If the plasma membrane is amphipathic, then how can lipid-soluble molecules dissolve in the lipid bilayer? They have to cross the hydrophilic phosphate heads first in order to get to the fatty acid tails. It is also the same from the intercellular side of the membrane; they are going to get repelled by the inner hydrophilic heads as well.
Guys, how can any substance cross the plasma membrane at all (unless that same substance is also amphipathic)? And why do small molecules, like water, cross the membrane freely? Isn't water a polar substance?!!

Basically the main part to remember about the plasma membrane is that it's a fluid structure hence 'the fluid mosaic model.' The components which form the cell membrane (such as integral proteins, the phospholipid bilayer, glycolipids etc.) are not static but shift and move within the confines of the cell membrane. A good way to envision this is to think of a soap bubble and focusing on how the outer layer moves around or if you want a legit excuse to watch a youtube video, watch giant bubbles popping in slow motion by the Slow Mo Guys. Essentially, as the phospholipid layers are shifting around they create little gaps between the hydrophilic heads allowing small molecules such as (O2) and (CO2) to simply diffuse through the phospholipid bilayer of the cell membrane.

I also understand the confusion at water D:<. However because water is so small, it can sneakily diffuse through the cell membrane due to osmosis albeit not very well due to being polar. To make up for this, cells actually have specific protein channels called aquaporins which allow water to quickly move into or out of the cell but for the purpose of VCE you don't need to remember this but it's some nice little information. Well I hope that answers ur questions XD

Also for the main reason why I came here, are there any major examples of autocrine signalling outside of cytokine interleukin-1 used by monocytes?   
Thanks 

[vox nihili]

Basically the main part to remember about the plasma membrane is that it's a fluid structure hence 'the fluid mosaic model.' The components which form the cell membrane (such as integral proteins, the phospholipid bilayer, glycolipids etc.) are not static but shift and move within the confines of the cell membrane.
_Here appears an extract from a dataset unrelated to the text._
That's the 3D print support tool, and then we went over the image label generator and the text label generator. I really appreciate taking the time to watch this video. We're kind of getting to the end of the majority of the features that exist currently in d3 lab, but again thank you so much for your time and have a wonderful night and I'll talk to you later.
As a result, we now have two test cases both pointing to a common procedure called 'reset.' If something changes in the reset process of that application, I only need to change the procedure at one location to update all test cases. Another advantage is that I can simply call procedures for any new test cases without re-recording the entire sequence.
A good way to envision this is to think of a soap bubble and focusing on how the outer layer moves around or if you want a legit excuse to watch a youtube video, watch giant bubbles popping in slow motion by the Slow Mo Guys. Essentially, as the phospholipid layers are shifting around they create little gaps between the hydrophilic heads allowing small molecules such as (O2) and (CO2) to simply diffuse through the phospholipid bilayer of the cell membrane.
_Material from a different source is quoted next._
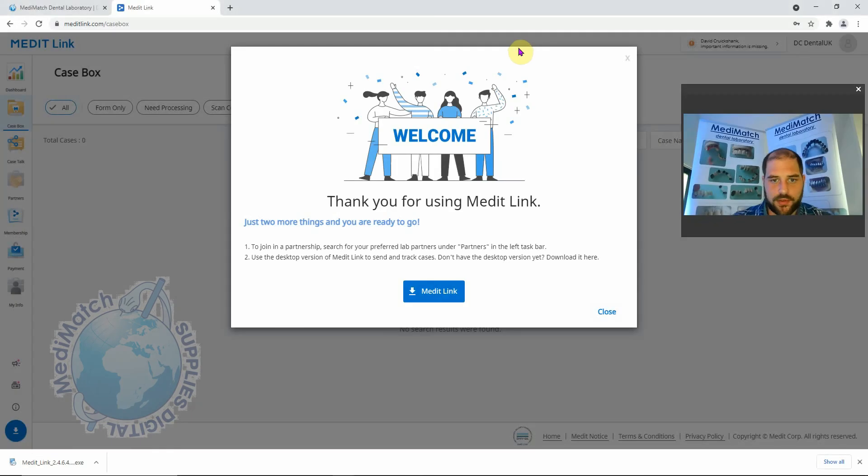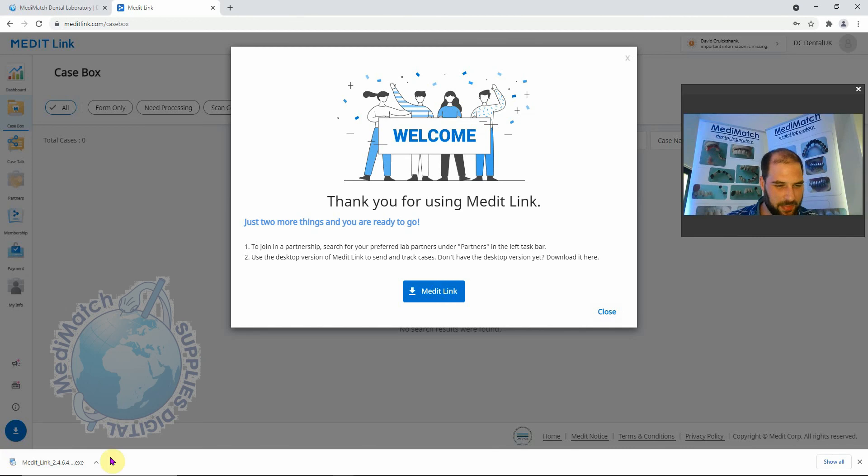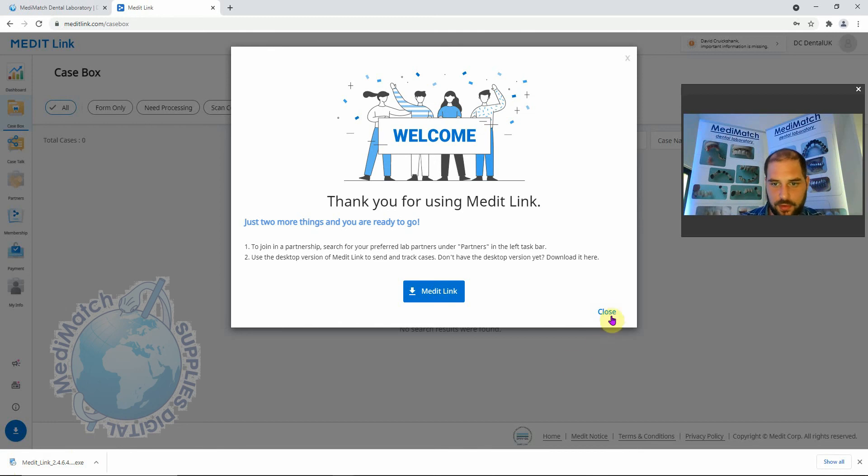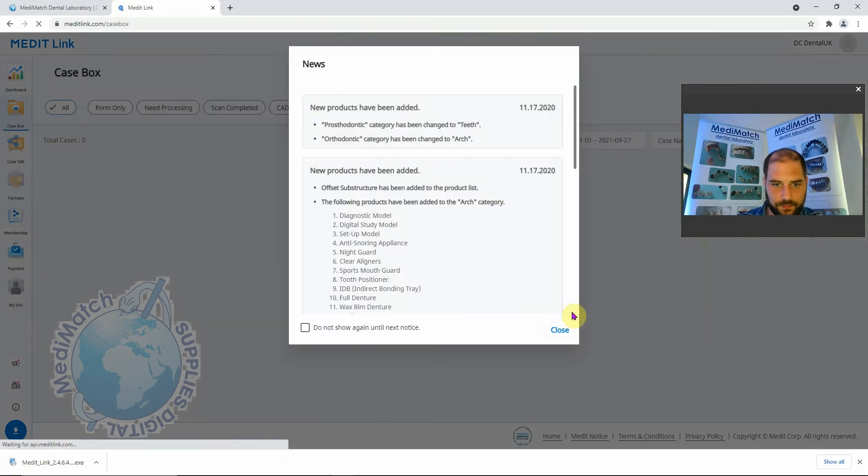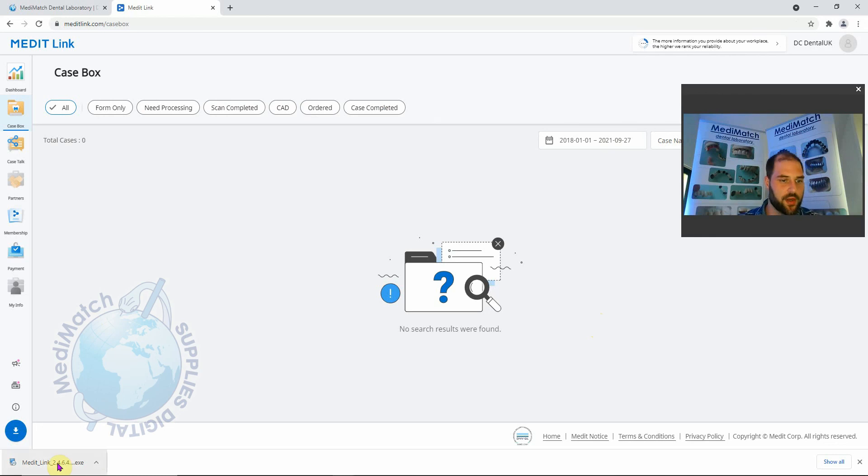We're back and the software, the installation files are downloaded. I should have said before that this takes about 1.2 gigs, so just bear that in mind when you're thinking about space on your system. Let's get rid of this, close these again, and we're going to click on the download.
I also understand the confusion at water D:<. However because water is so small, it can sneakily diffuse through the cell membrane due to osmosis albeit not very well due to being polar. To make up for this, cells actually have specific protein channels called aquaporins which allow water to quickly move into or out of the cell but for the purpose of VCE you don't need to remember this but it's some nice little information. Well I hope that answers ur questions XD

Also for the main reason why I came here, are there any major examples of autocrine signalling outside of cytokine interleukin-1 used by monocytes?   
Thanks 

Good explanation. The same holds true for hydrophobic substances. Sometimes they'll just randomly get past the heads, even though it's not really what they like to do, and then it's all happiness inside the membrane basically.
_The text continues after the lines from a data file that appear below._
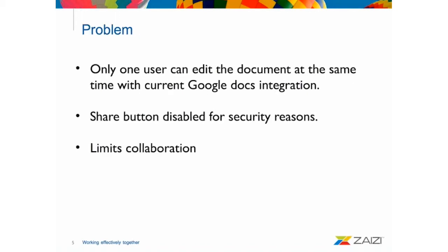So, what's the problem we face with this user case? Basically, with the current Alfresco Google Docs integration, only one user can edit the document at the same time. When a user checks out a document in Alfresco with Google Docs, then it is locked by the user and then the share button of the Alfresco Google Docs editor is being disabled for security reasons as it states in the Alfresco documentation. And this, for sure, limits the collaboration a lot.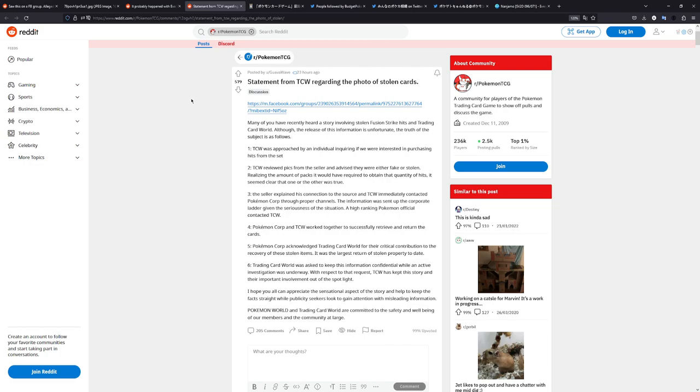Is the Pokemon Company going to reprint Fusion Strike and Evolving Skies? For the latter, I'm really hoping. I do want to open Evolving Skies at a decent price again. And are they going to stack the boxes with hits as an apology? No one knows. I mean, if I had to guess, they might actually reprint these sets. Evolving Skies, I'm 80% sure that they're going to reprint. Because that set is really popular. All the cards are getting really expensive. And if the Pokemon Company just wants money, that's how they make it. Just reprint Evolving Skies.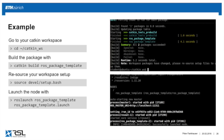Now we've cloned, built, and can start the package. Instead of rosrun, you can use roslaunch. Type roslaunch ros_package_template ros_package_template.launch. You should see a ROS core starting and a node launching successfully. So you've now seen all the necessary steps: take source code from the internet, clone it, build it, and run it.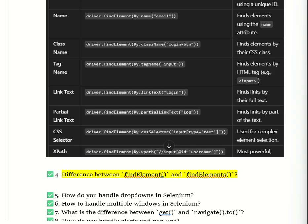When should we use each method? We use findElement when we need only one element, like a login button. We use findElements when we need multiple elements, like all links on a page or all options from a dropdown.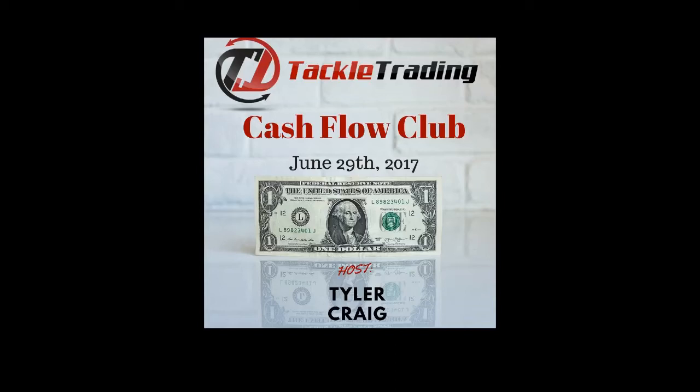Hello, and welcome to another Tackle Trading YouTube tutorial. In this clip, Coach Tyler Craig continues the conversation on backtesting.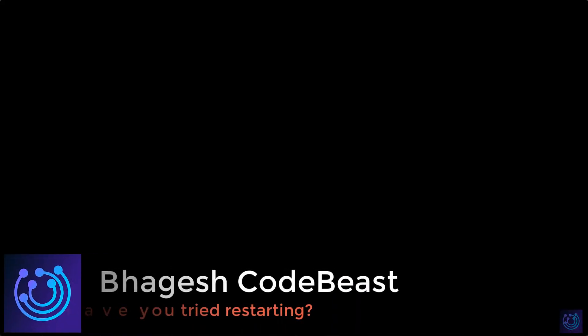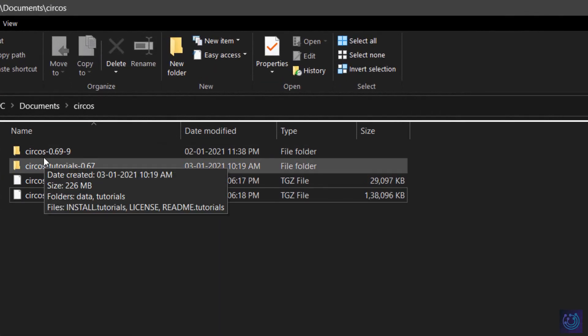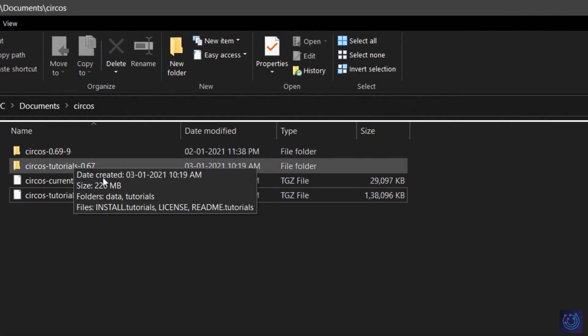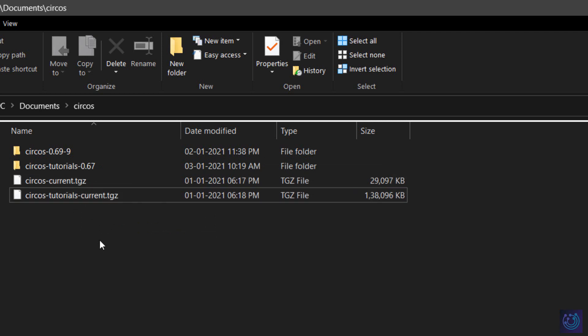Hello guys, this is Bhagesh Kotbis and welcome to my channel. In this video we are going to learn the ABC of Circos. Before we begin with the hello world of Circos, I have the same files and folders open which I had unzipped in the previous video. If you have not checked out the previous video, please go check it out — I have explained the installation procedure for Circos.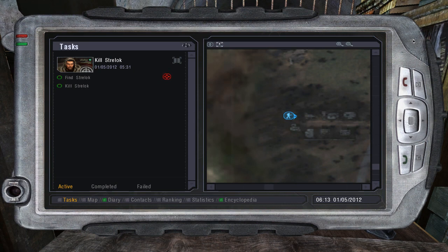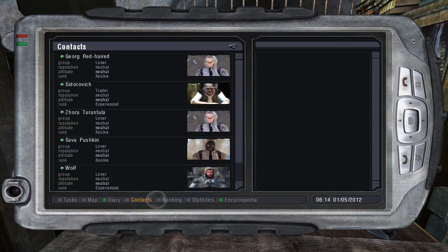The PDA also has a contact section. The contact section contains...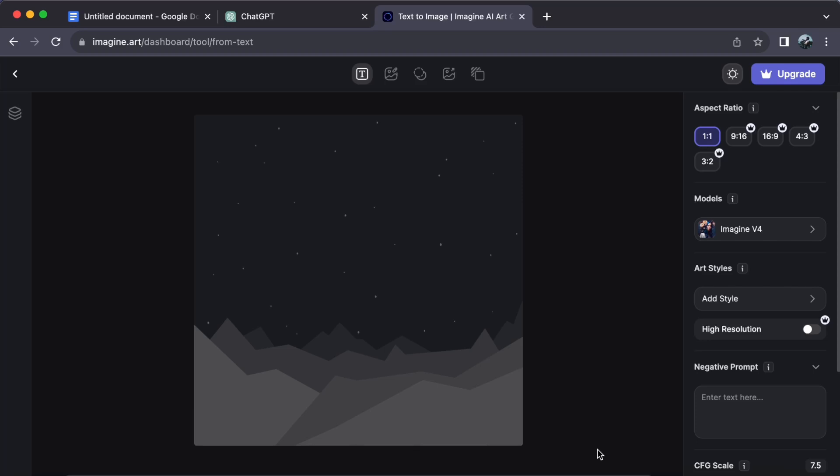Hey everyone, welcome back to our channel. Today, let us journey together on how to image remix with Imagine AI Art Generator. So, let us begin.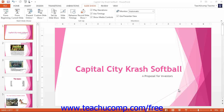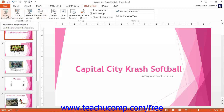You can run a presentation in Slideshow View by clicking the Slideshow tab in the ribbon. In the Start Slideshow group, you can either click the From Beginning button to start the slideshow from the first slide, or click the From Current Slide button to start the slideshow from the currently selected slide.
There are plenty, but you don't need to know any examples.

[haydencooper]

Hoping someone can help me with these SAC related questions!

1. Stimulation of certain regions of the mechanosensory region can receive and respond to a stimulus without any interneurons being activated (such as giving a sharp poke to the nose of the planarian which causes it to rapidly contract its body, retracting from the stimulus). What is the name of this response? What advantage would this type of response have?
-I thought this may be negative thigmotaxis

2. Explain how a single odorant molecule given off by food could be detected by a cell and therefore elicit a well co-oridnated response such as the planarian moving to the food (and provide name of process)
-I thought this may have to do with signal transduction and a chemical response to the odorant

3. A steroid hormone (hormone z) was produced by a cell (cell z). The hormone travels from its site of production to a different cell (cell x), which is located elsewhere in the body of the planaria. Explain how the characteristics of hormone z will influence the way in which it initiates a response in cell x

[HasibA]

what does 'antagonises auxins on leaf buds' mean in the context of VCE biology- specifically related to cytokines! thank you

[johntran1869]

HI just stuck on this question:
Where on the Plant (not plant cell) does respiration occur?

Thank you

[wobblywobbly]

what does 'antagonises auxins on leaf buds' mean in the context of VCE biology- specifically related to cytokines! thank you

You won't need to know much about each type of plant hormone specifically for VCE Biology, so I'm assuming this is a SAC related question. Just know that cytokinins (not cytokines - which is part of the immune system, not a plant hormone) signals for lateral bud growth, which is kind of the opposite of what auxin does, which is to promote apical dominance, inhibiting lateral bud growth. So when they say 'antagonises' they mean 'opposite in effect'.

HI just stuck on this question:
Where on the Plant (not plant cell) does respiration occur?

Thank you

Do all plant cells have mitochondria?

[QueenSmarty]

Draw a stimulus-response diagram to illustrate how an unripe tomato can be induced to ripen using ethylene gas.

Can someone please help me with this question from the Nelson Biology textbook? I know how to draw a stimulus-response model, but would the stimulus be the ethylene gas? And what would the receptor, coordinating centre and effector be?

[Jay.C]

Hoping someone can help me with these SAC related questions!

1. Stimulation of certain regions of the mechanosensory region can receive and respond to a stimulus without any interneurons being activated (such as giving a sharp poke to the nose of the planarian which causes it to rapidly contract its body, retracting from the stimulus). What is the name of this response? What advantage would this type of response have?
-I thought this may be negative thigmotaxis

2. Explain how a single odorant molecule given off by food could be detected by a cell and therefore elicit a well co-oridnated response such as the planarian moving to the food (and provide name of process)
-I thought this may have to do with signal transduction and a chemical response to the odorant

3. A steroid hormone (hormone z) was produced by a cell (cell z). The hormone travels from its site of production to a different cell (cell x), which is located elsewhere in the body of the planaria. Explain how the characteristics of hormone z will influence the way in which it initiates a response in cell x

Hey!
1. The lack of interneurons gives us a clue that this response is probably a reflex arch. As for benefits, reflex arch's allows for a very quick response to stimulus (due to the brain not being involved), thus this response can act as a protective factor against harmful stimuli e.g. if you touch something hot and thus reduces damage to the organism.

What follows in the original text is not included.